Market Views

GLOBAL CREDIT BULLETS | Monday, 16 September 2024

Fed preview – The time has come

The Fed will cut rates on Wednesday, but the size of the cut is not obvious yet. Markets assign almost 40% odds for a 50bp cut following articles in WSJ and FT weighing the merits of 50bp against 25bp. New projections will show at least three cuts for this year, but markets are pricing 115bp already so that starting with 25bp may disappoint. Unemployment projections will be revised higher while inflation beyond this year is likely to stay unchanged. Economic data has been slowing and not crashing, but real rates are well restrictive leaving ample room to cut. Starting with 50bp along with a cautious and calming message could give the Fed a head-start without spooking markets.

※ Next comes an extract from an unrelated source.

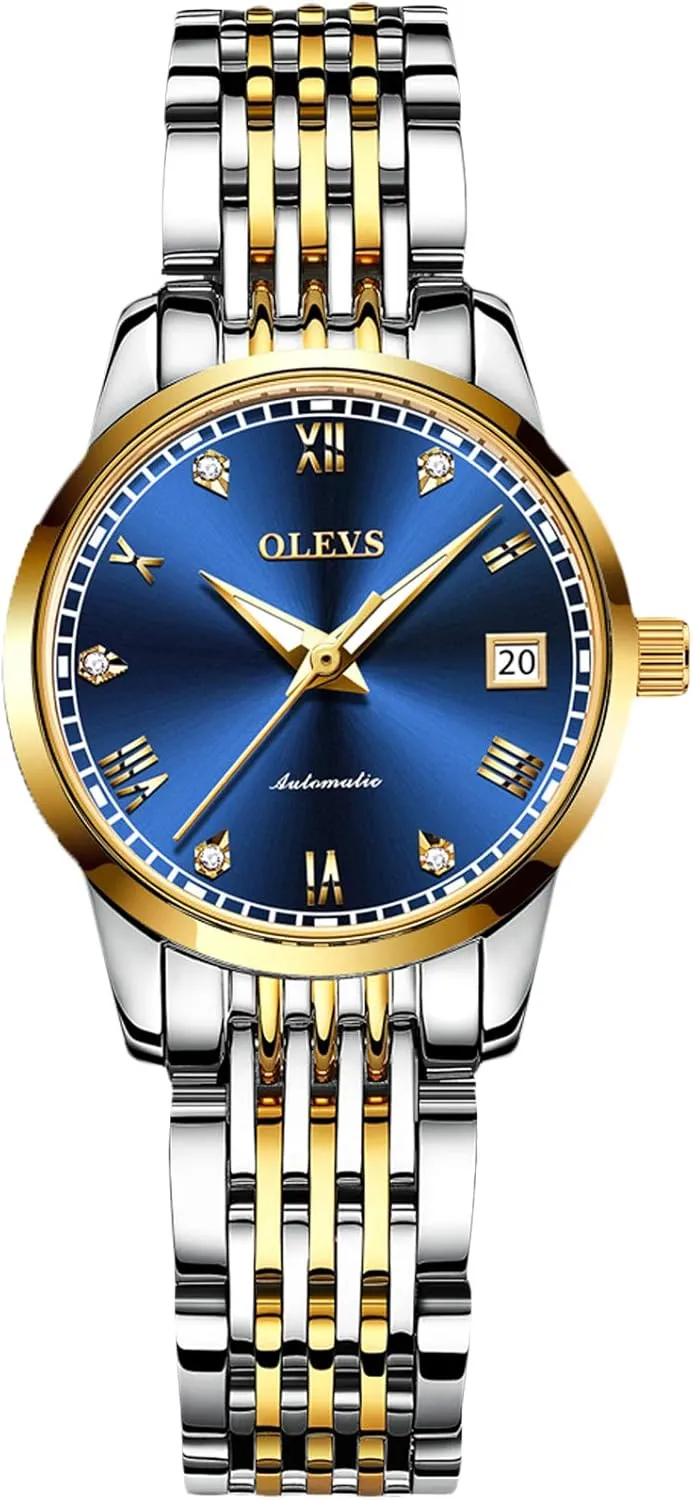 Steel Band Calendar Fashion Women Watch Luminous Wristwatch for Ladies RORIOS Women's Automatic Watch bend apply inception watercolor Self-Wind Auto Mechanical Watch with Stainless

Starting with 25bp requires a more dovish message to satisfy market pricing for the remainder of the year.

Central banks – No time for another BOJ shift

The BoJ and BoE will be on hold this week. The BoE started to cut earlier and has time to proceed at every other meeting, next again in November. The BoJ has released continued statements pointing to further hikes but at a cautious pace. Following the August JPY/NFP market shock and ahead of local LDP leadership elections, the BoJ is likely to hike once more later this year.

ECB review – No guidance for October

The ECB lowered rates by 25bp to 3.5% as expected, but gave no guidance for the steps ahead. Lagarde said it was “obvious” that rates are headed lower, but pointed to non-satisfactory domestic inflation and caution on slowing but high wages. Growth estimates were revised lower by 0.1% across the projection horizon, while core inflation was revised higher for 2024 and 2025.  This left markets pricing only a 30% chance for a cut in October, but still 40bp by the remainder of the year.